[Stored data entries]
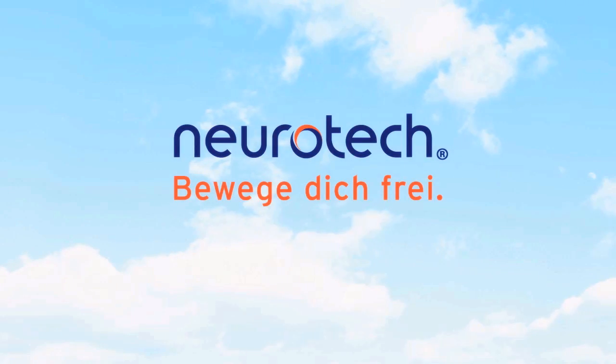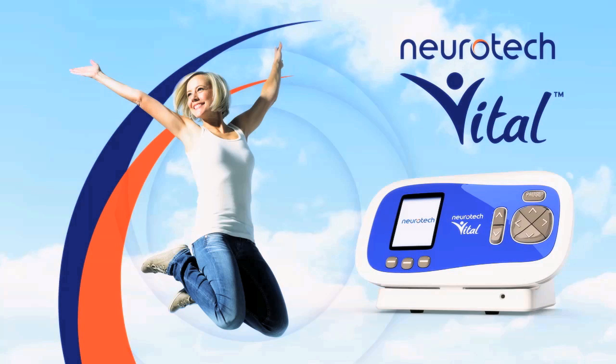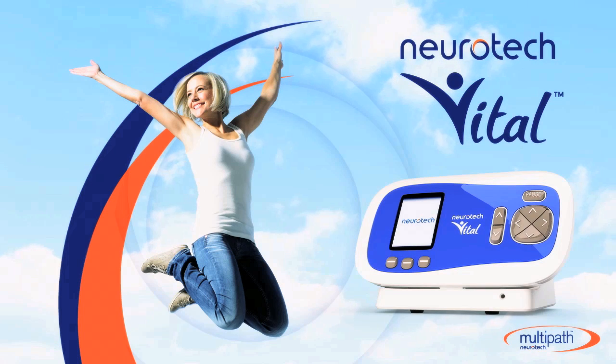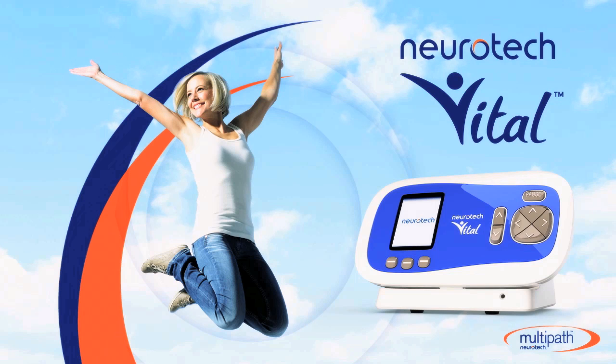Thank you for choosing Neurotech Vital. This video will help you to set up and begin your treatment with Neurotech Vital. Your clinician has prescribed the Neurotech Vital to treat your stress incontinence. Neurotech Vital is a device that delivers neuromuscular electrical stimulation to help your pelvic floor muscles to activate and strengthen. We'll show you just how easy it is to use the Neurotech Vital.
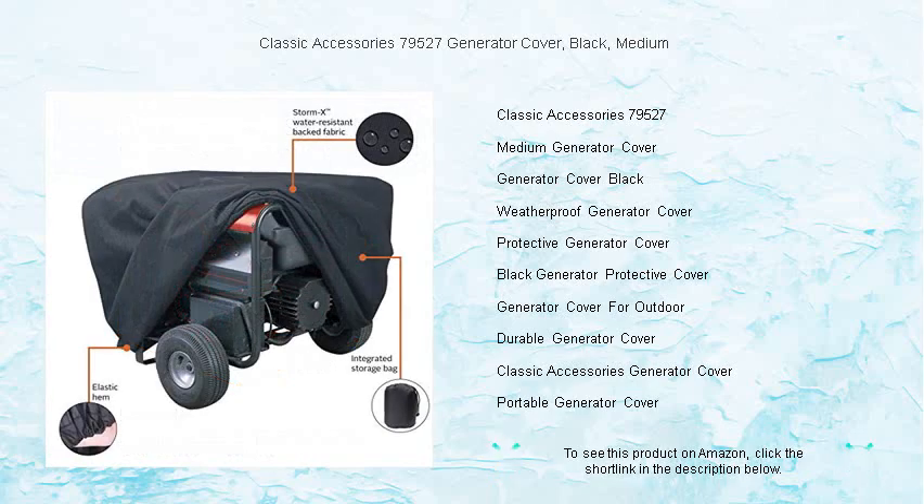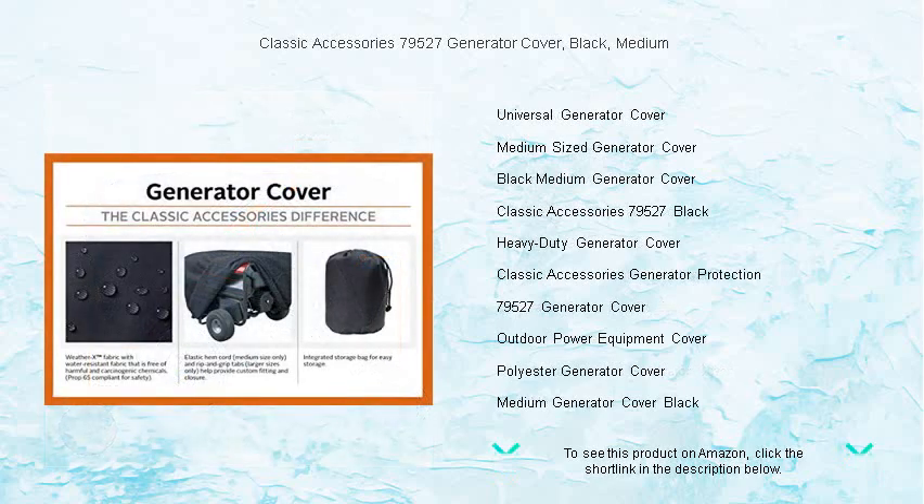The cover's precise fit ensures it stays securely in place, while the bottom hem cord with a toggle allows for quick, custom adjustment. The convenient side opening makes it easy to handle cables without removing the cover.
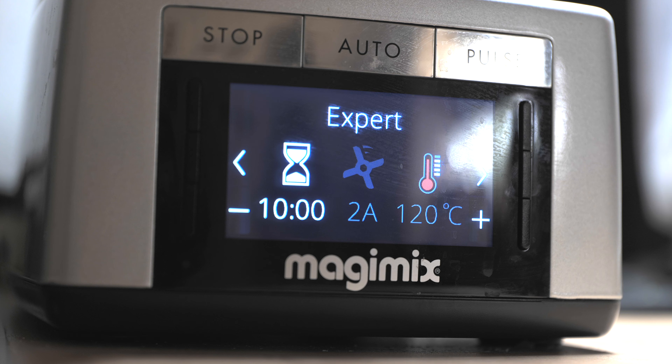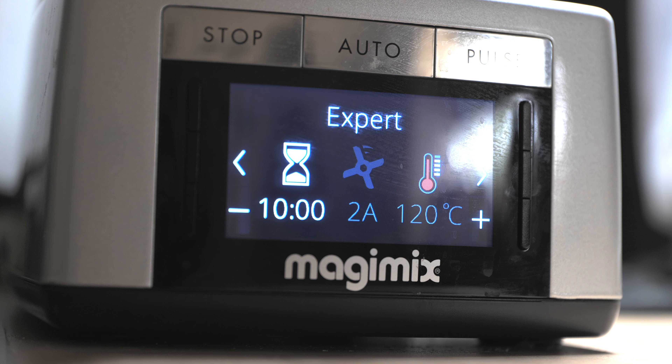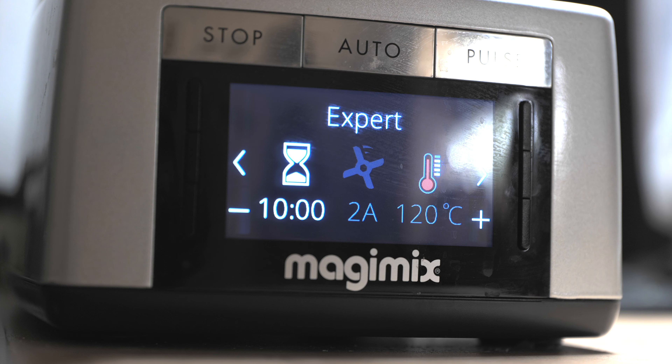Welcome to the last episode of the Foodbox. I'm going to show you how to use the Foodbox. This is a video of the food box. Let's go.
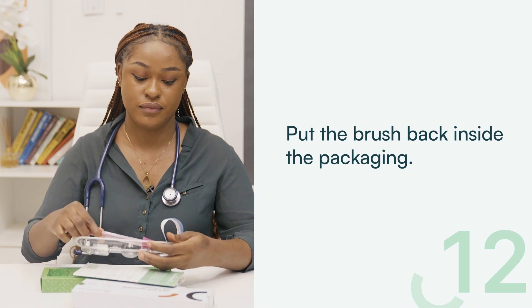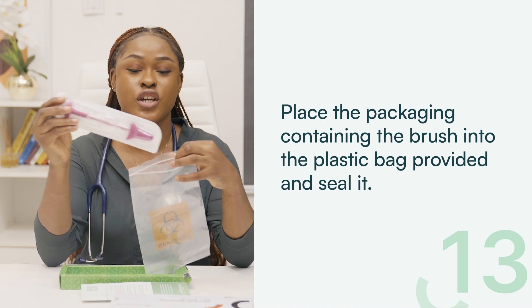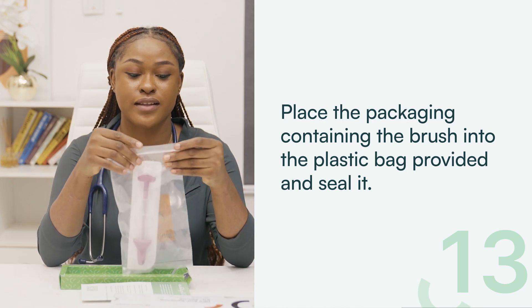Step 12: Place the packaging containing the brush into the plastic bag provided and seal it. And there you have it — you are done.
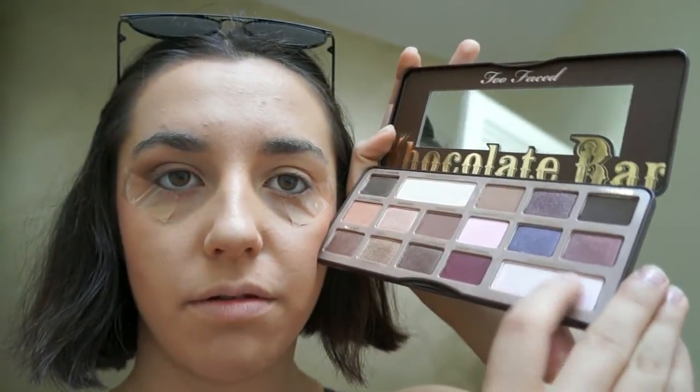Champagne Truffle, which is a nice big highlighter. I'm taking that on my finger because that's how you get the most colour payoff. I put this right in the inside of my corner to open up those eyes.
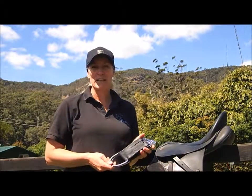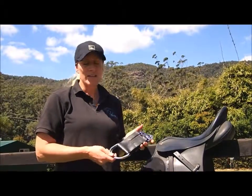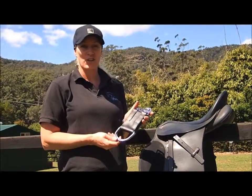Hi, I'm Annie from Elite Saddle Company. Today I'm going to show you my leather short girth converters. These converters are designed to use on your English saddle so that you can use a western girth setup.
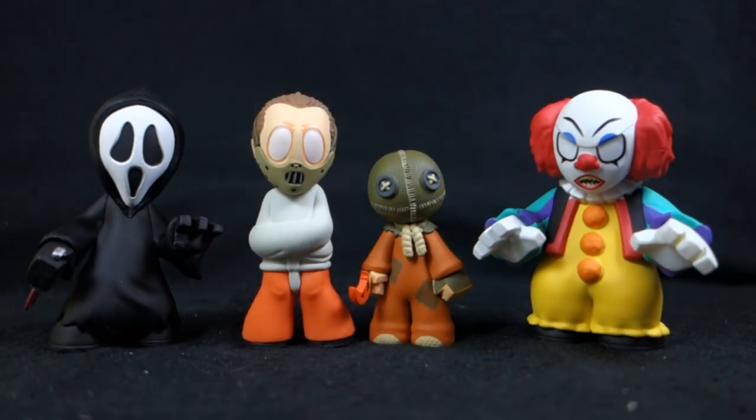Today on Outside the Box Reviews, we are taking a look at the Funko Horror Mystery Minis. This is just a small sampling from Wave 1. If you've followed my channel for any length of time, you've probably seen me review one of the horror or sci-fi Funko Pop Vinyl figures. Funko has like every license ever at this point.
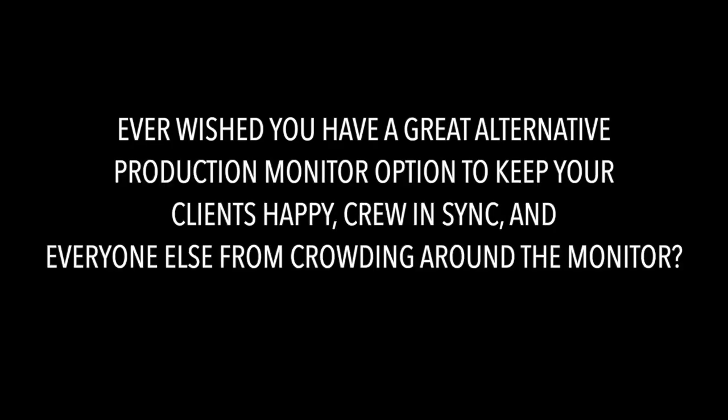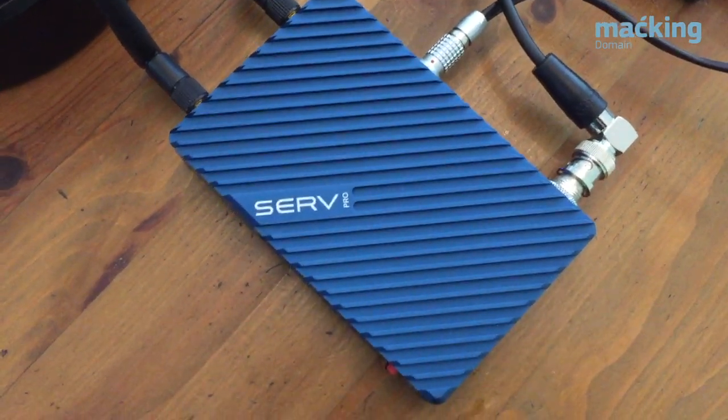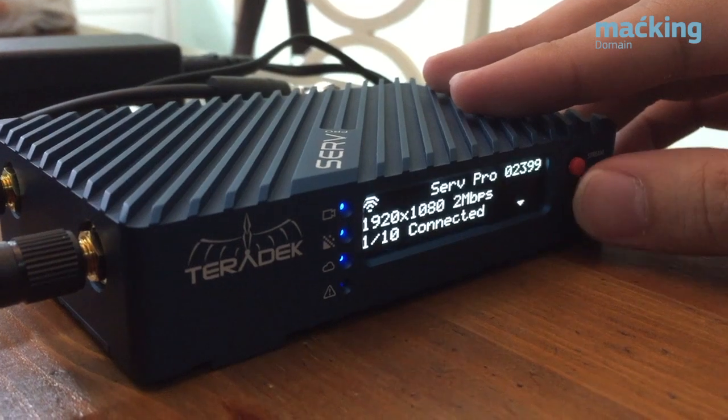Ever wish you had a great alternative production monitor option to keep your clients happy, crew in sync, and everyone else from crowding the monitor? Well, say hello to the Teradek Surf Pro. The Surf Pro is a wireless video system that works by turning your iOS and Android smartphones and tablets into portable handheld monitors.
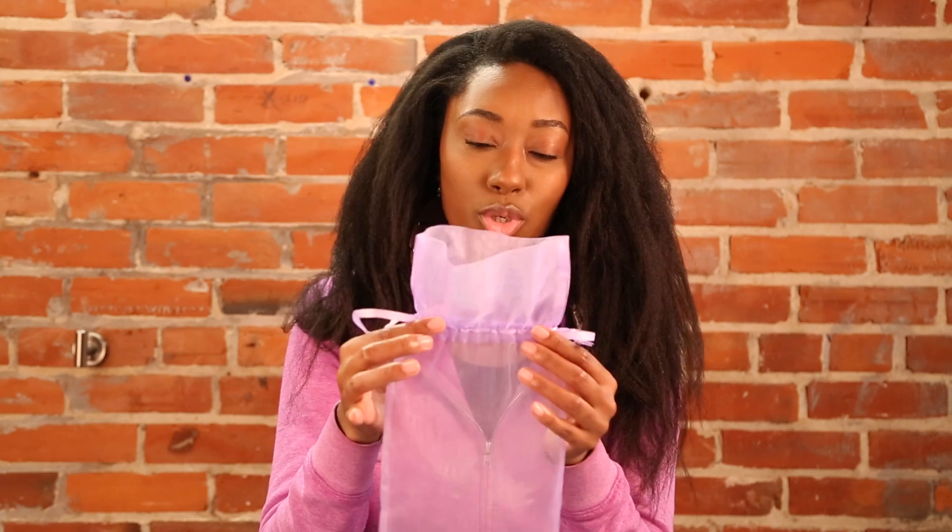They sent me three bundles — one was 20 inch, 18 inch, and 16 inch. That was more than enough. I don't know how they got all of that hair to fit in this little bitty thing. That hair could not breathe in there! But don't get me wrong, this packaging is so cute, and purple's my favorite color.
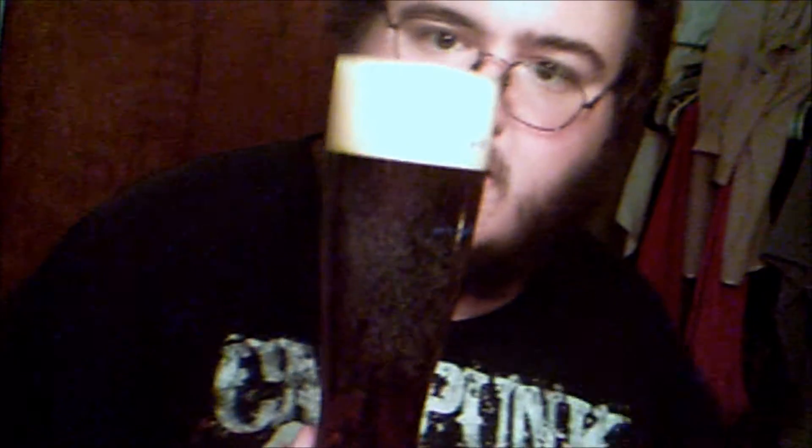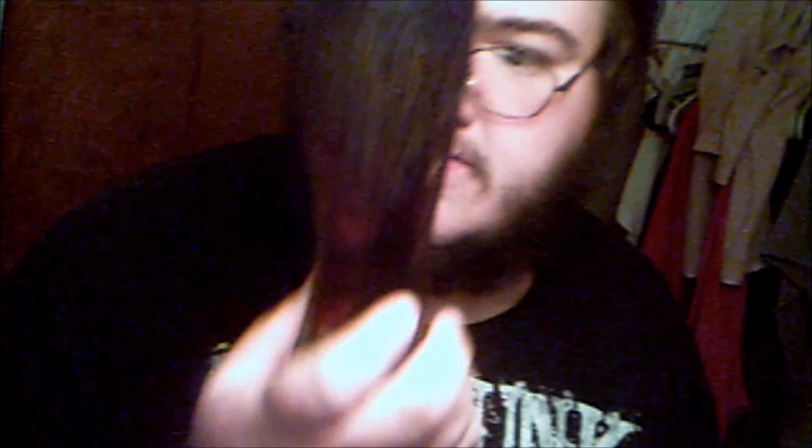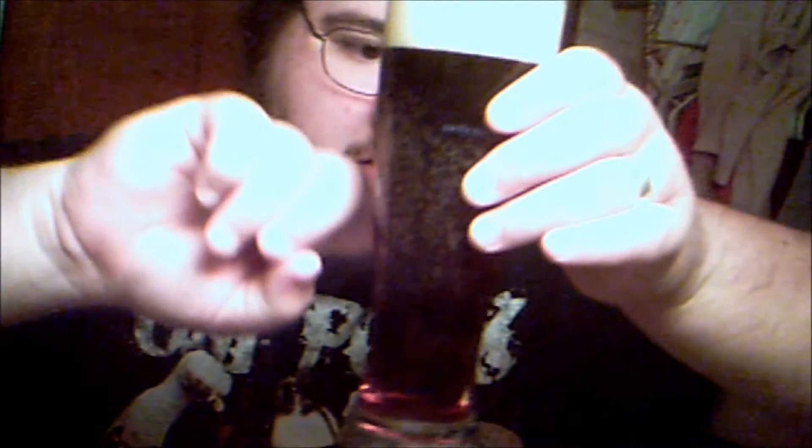It's got a nice thick head on it, tan colored. The color of the beer is somewhat dark — like a caramel color, a very light brown.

- _REQUIRED WORK_: Give back every record exactly. Omit the pictures.

- _EXERCISE SOLUTION_:
Thank you for choosing Neurotech Vital. This video will help you to set up and begin your treatment with Neurotech Vital. Your clinician has prescribed the Neurotech Vital to treat your stress incontinence. Neurotech Vital is a device that delivers neuromuscular electrical stimulation to help your pelvic floor muscles to activate and strengthen. We'll show you just how easy it is to use the Neurotech Vital.
The cover's precise fit ensures it stays securely in place, while the bottom hem cord with a toggle allows for quick, custom adjustment. The convenient side opening makes it easy to handle cables without removing the cover.
Welcome to the last episode of the Foodbox. I'm going to show you how to use the Foodbox. This is a video of the food box. Let's go.
Step 12: Place the packaging containing the brush into the plastic bag provided and seal it. And there you have it — you are done.
Champagne Truffle, which is a nice big highlighter. I'm taking that on my finger because that's how you get the most colour payoff. I put this right in the inside of my corner to open up those eyes.
Hi, I'm Annie from Elite Saddle Company. Today I'm going to show you my leather short girth converters. These converters are designed to use on your English saddle so that you can use a western girth setup.
Today on Outside the Box Reviews, we are taking a look at the Funko Horror Mystery Minis. This is just a small sampling from Wave 1. If you've followed my channel for any length of time, you've probably seen me review one of the horror or sci-fi Funko Pop Vinyl figures. Funko has like every license ever at this point.
Ever wish you had a great alternative production monitor option to keep your clients happy, crew in sync, and everyone else from crowding the monitor? Well, say hello to the Teradek Surf Pro. The Surf Pro is a wireless video system that works by turning your iOS and Android smartphones and tablets into portable handheld monitors.
They sent me three bundles — one was 20 inch, 18 inch, and 16 inch. That was more than enough. I don't know how they got all of that hair to fit in this little bitty thing. That hair could not breathe in there! But don't get me wrong, this packaging is so cute, and purple's my favorite color.
It's got a nice thick head on it, tan colored. The color of the beer is somewhat dark — like a caramel color, a very light brown.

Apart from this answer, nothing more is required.